[WHAT IS NEEDED]:
Set each entry down verbatim, omitting images.

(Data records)
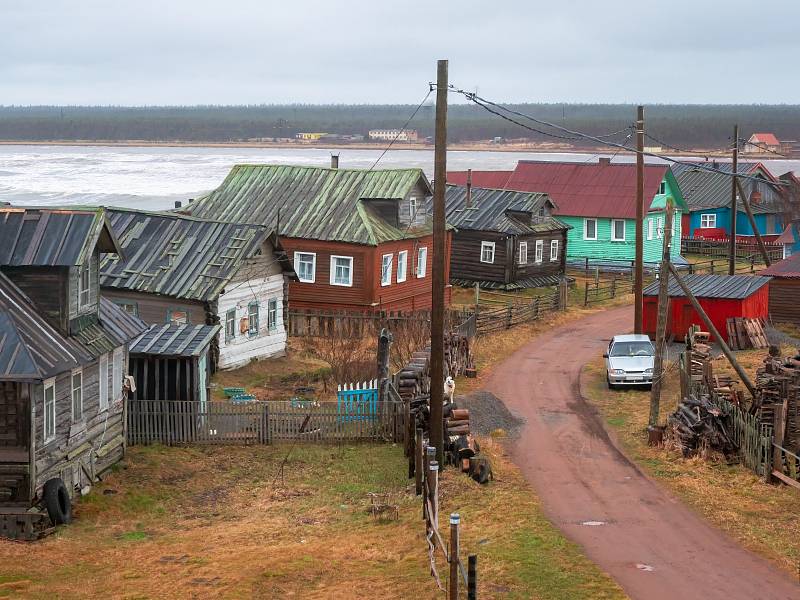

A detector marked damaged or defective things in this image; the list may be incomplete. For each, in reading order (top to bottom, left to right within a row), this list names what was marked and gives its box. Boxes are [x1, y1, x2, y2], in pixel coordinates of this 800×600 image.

rusty metal roof [0, 207, 122, 266]
rusty metal roof [99, 209, 276, 302]
rusty metal roof [184, 164, 432, 246]
rusty metal roof [440, 185, 564, 234]
rusty metal roof [640, 274, 772, 298]
rusty metal roof [130, 324, 220, 356]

[EXERCISE RESULT]:
A detector marked damaged or defective things in this image; the list may be incomplete. For each, in reading order (top to bottom, left to right within a row), this list names what was marked and gives its box. Boxes are [x1, y1, x2, y2], in pixel coordinates of this 800×600 image.

rusty metal roof [0, 207, 122, 266]
rusty metal roof [99, 209, 276, 302]
rusty metal roof [184, 164, 432, 246]
rusty metal roof [440, 185, 564, 234]
rusty metal roof [640, 274, 772, 298]
rusty metal roof [130, 324, 220, 356]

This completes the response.